DOCS (Display Operator Console Support) was a software package for IBM mainframes by CFS Inc., enabling access to the system console using 3270-compatible terminals.

Computer operators communicated with IBM mainframe computers using an electro-mechanical typewriter-like console that came standard on most IBM 360 and 370 computer, except a few upper end models that offered video consoles and the Model 20 which came standard without a console.

The majority of smaller and less expensive IBM 360s and 370s came equipped with these ruggedized Selectric keyboard devices. The Selectric was a major step up from the teletypes (TTY) associated with Unix and smaller systems, but still clunky. The video consoles provided with certain models were not considered particularly user friendly, and they ignored two thirds of IBM's mainframe market, DOS and its VSE descendants.

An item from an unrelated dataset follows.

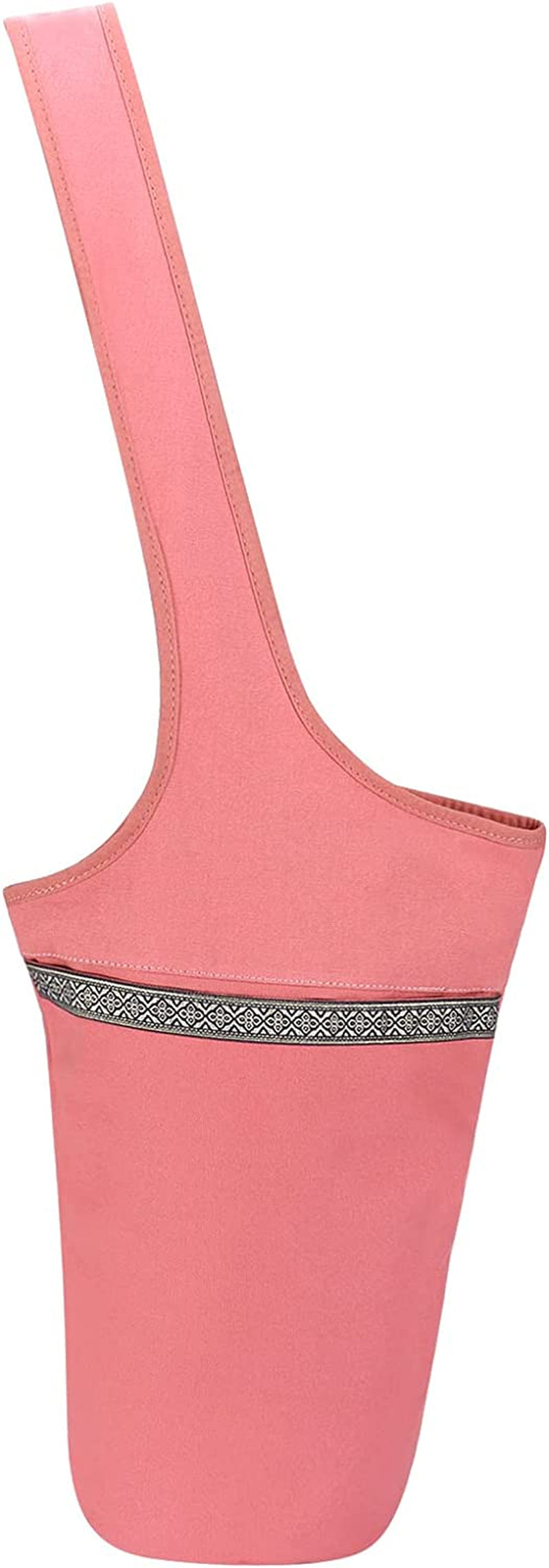 HUA ANGEL Yoga Mat Bag - Canvas Large Sling Pilates Bag, Floral Long Yoga Tote Carriers for Women, Fits Most Size Mats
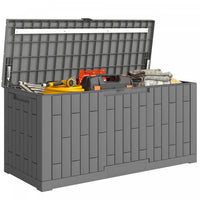 Outsunny 120 Gallon Resin Deck Box, Lockable Outdoor Storage Box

DOCS replaced or supplanted the typewriter interface with a video screen. In practice, it worked a little like present-day instant messenger programs (ICQ, QQ, AIM, Adium, iChat, etc.), with a data entry line at the bottom and messages scrolling in real time up the screen. The commands were otherwise identical.

DOCS was available for DOS, DOS/VS, DOS/VSE, and came packaged with third-party operating systems, such as EDOS from The Computer Software Company, later acquired by Nixdorf.

==Platforms==
===Software===
The product ran under platforms:
- DOS/VS
- DOS/VSE
- EDOS
- vDOS

===Hardware===
Several vendors offered DOCS as part of their OS:
- Amdahl
- Fujitsu
- Hitachi
- Magnuson
- RCA

== Development ==

DOCS was developed by CFS, Inc. of Brookline, Massachusetts at the Kayser-Roth data center in Whitman, Massachusetts. Dick Goran wrote the video interface. Leigh Lundin wrote the operating system interface and transcript recorder.

===Fx===
DOCS required a dedicated partition. With DOS having only three partitions and DOS/VS seven, giving up a partition to DOCS placed a crimp in practicability.

Leigh Lundin designed Fx, a pseudo-partition that relieved the user from relinquishing a working partition. Fx appeared in the DOS/VS version of SDI's Grasp as F0.

== Marketing ==

DOCS was sold in North America by CFS, Inc, Brookline, Ma.

For overseas sales, CFS engaged in both mail order and local vendors. The product was also embedded in third party operating system packages, such as EDOS and vDOS.